LA VISITEUSE : « Parce qu’il y a des iris, en Sibérie ? »
L’AMATEUR D’IRIS : « Ceux-là, en particulier ! Mais on ne les trouve pas que dans cette région ingrate. L’espèce se rencontre aussi en Allemagne, en Bohême, dans les Balkans et même en Turquie. C’est une espèce résistante, qui survit sous les plus rudes climats parce que les longues feuilles que vous voyez, là, sèchent à l’automne et constituent un manteau bien douillet qui protège le cœur de la plante. Au printemps, de nouvelles feuilles renaissent et entourent, comme à présent, les hautes tiges florales. »
LA VISITEUSE : « Vous avez l’air de bien vous y connaître ! Est-ce que ces iris là sont des plantes sauvages, ou, au contraire, s’agit-il de plantes cultivées ? »

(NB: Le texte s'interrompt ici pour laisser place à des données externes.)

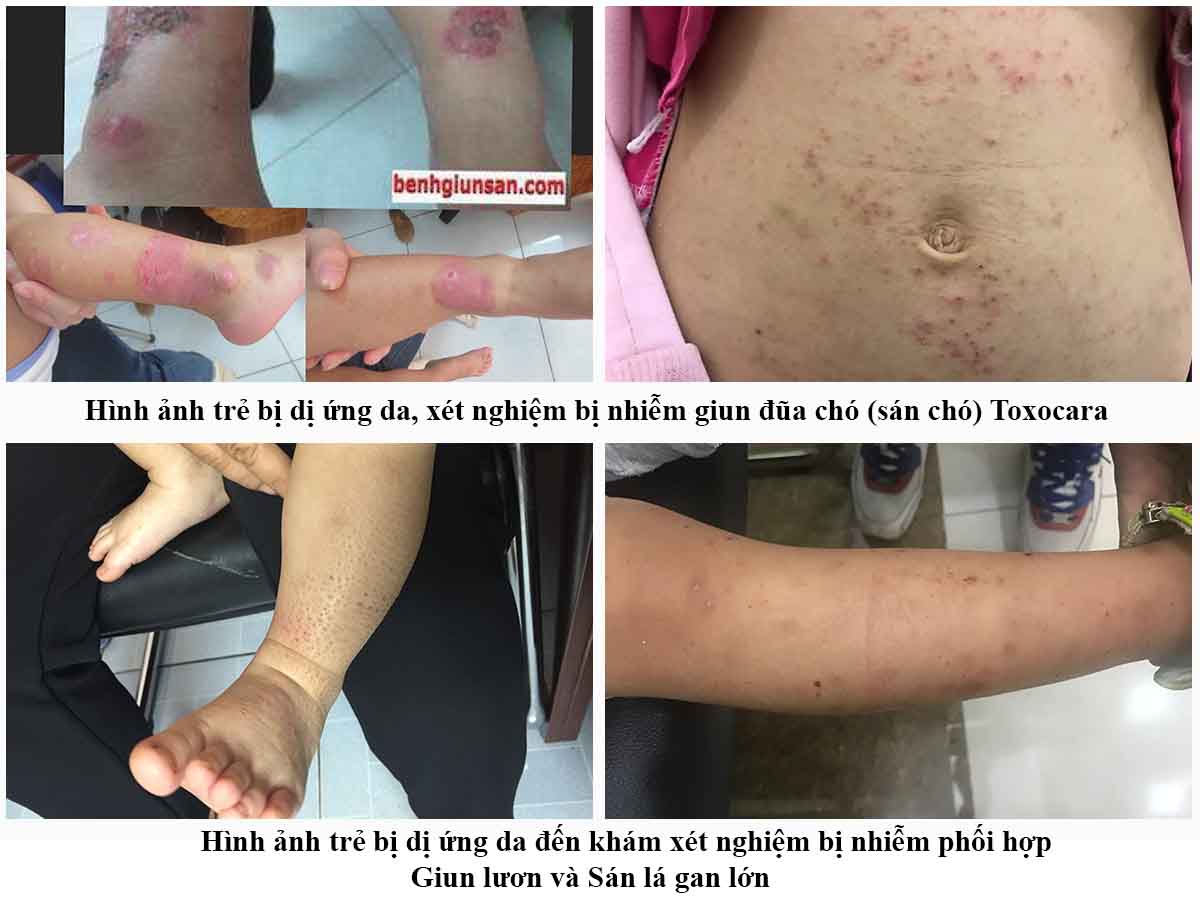 Khi Trẻ Bị Dị Ứng Da Cần Làm Xét Nghiệm Gì Tìm Nguyên Nhân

L’AMATEUR D’IRIS : « En l’occurrence, ce sont des plantes cultivées, des hybrides, qui proviennent en fait d’un croisement entre deux espèces botaniques, I.sibirica et I. sanguinea. Le premier a des tiges élevées, qui portent haut des fleurs d’un bleu violacé, le second est plus discret et ses fleurs sont souvent cachées dans le feuillage. Mais elles sont plus grandes que les précédentes, plus foncées, veinées de clair et même quelques fois complètement blanches. En associant les qualités de l’une et l’autre espèce, les hybrideurs ont créé une quantité de variétés qui vont maintenant du blanc au crème, au jaune, à toutes les teintes de bleu et de violet et même au rose, un peu violacé tout de même. »

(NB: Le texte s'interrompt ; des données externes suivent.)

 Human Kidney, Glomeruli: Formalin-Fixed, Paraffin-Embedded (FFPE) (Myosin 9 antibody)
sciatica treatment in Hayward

LA VISITEUSE : « Celles-ci sont jaunes et blanches. »
L’AMATEUR D’IRIS : « Oui, parce qu’il y a des hybrides bicolores. Chaque année les obtenteurs présentent de nouvelles couleurs ou combinaisons de couleurs. Leur travail consiste à améliorer sans cesse la plante. Ils veulent du jaune vraiment jaune, du rose vraiment rose… Ils recherchent des tiges avec des fleurs plus nombreuses, qui durent plus longtemps, avec des sépales plus larges, plus horizontaux, des pétales ondulés, un cœur franchement veiné ou au contraire absolument uni… »

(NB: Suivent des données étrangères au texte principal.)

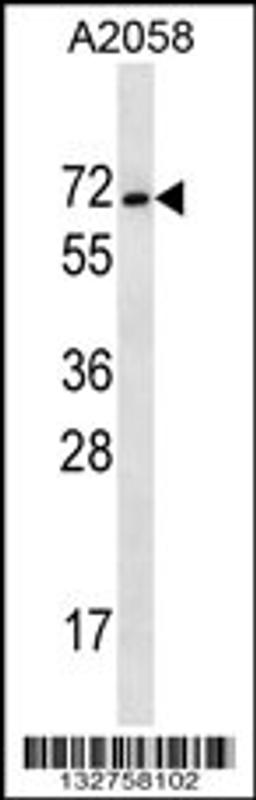 Western blot analysis in A2058 cell line lysates (35ug/lane).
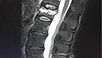 Kyphoplasty vs. vertebroplasty in the treatment of spinal compression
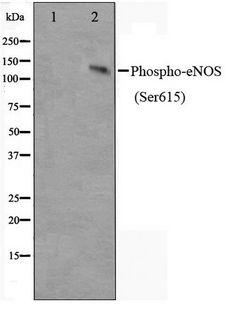 NOS3 / eNOS Antibody - Western blot of K562 cell lysate using Phospho-eNOS(Ser615) Antibody.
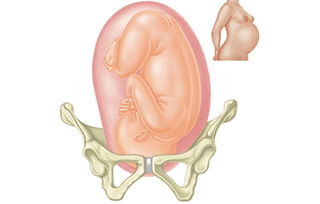 胎儿入盆图(入盆的表现都有哪些)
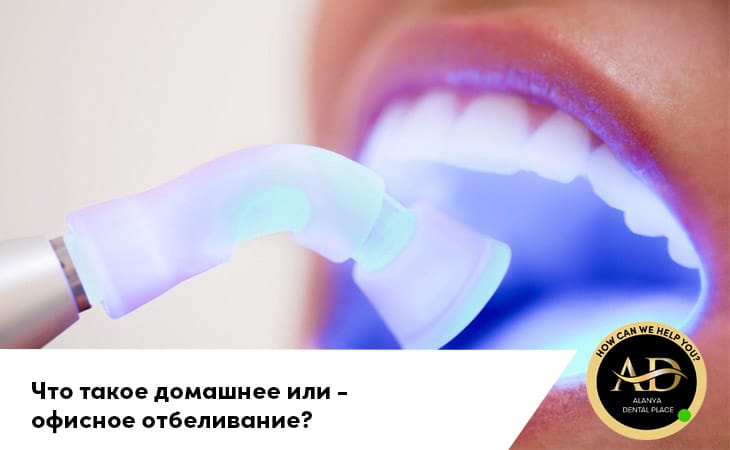 Что такое домашнее или офисное отбеливание?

LA VISITEUSE : « Ce sont des Américains qui font ça ? »
L’AMATEUR D’IRIS : « Oui, mais pas seulement ! Il y a un Américain très fameux qui a consacré sa vie aux iris de Sibérie, c’est Currier McEwen (voir photo), un homme qui a vécu centenaire et qui est mort récemment. En Allemagne, Tomas Tamberg a également produit de nombreux iris de Sibérie. »
LA VISITEUSE : « Ce qui fait gracieux, ce sont ces trois petites ailes qui s’élèvent au-dessus de la fleur. »
L’AMATEUR D’IRIS : « Ce sont les pétales. Et entre les pétales vous voyez ce qu’on appelle les styles, ces appendices à l’extrémité relevée. Ce sont les abris des parties sexuelles de la fleur, c’est là-dessous que se produit le mystère de la fécondation. »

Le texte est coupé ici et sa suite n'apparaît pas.